For the average DIY person, steel wool in various grades available in fairly small packs would be great. would be used by me and modellers etc. Having to buy large rolls of each grade is a bind.
johnep


----------



## JCCLARK (Jan 30, 2007)

johnep said:


> For the average DIY person, steel wool in various grades available in fairly small packs would be great.


Isn't that the way it's sold in every store now???:huh:


----------



## formula462 (Dec 9, 2006)

no machining oil in it...


----------



## johnep (Apr 12, 2007)

*steel wool*

By small packs I mean no more than 100grm.
Large rolls just sit around and go rusty.
A pack containing 100grm of each grade would be ideal for me.
johnep


----------



## Daveb (May 3, 2007)

Maybe less shedding?

It makes a mess. Sometimes the little threads get caught in the grain and are hard to clean out. 

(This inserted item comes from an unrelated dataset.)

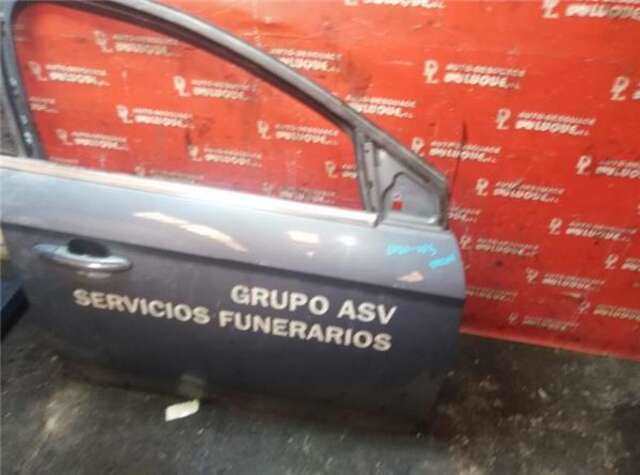 Foto 3ª: Puerta Delantera Derecha Ford Mondeo 2.0 TDCI [QXBB]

Steel wool is good for conforming to small, round surfaces.


----------



## keepitstraight (Nov 12, 2006)

*steel wool*

maybe a great way to profile "sand" would be worthwhile, but again the little filings are a killer. perhaps one needs to develop stronger fatter strands that lie tightly and have a fine barb or applied abrasive. it would need to not dull the corners, maybe a way to mold some steel wool into a profile using the profile itself to be used after the surface is smoothed to a degree.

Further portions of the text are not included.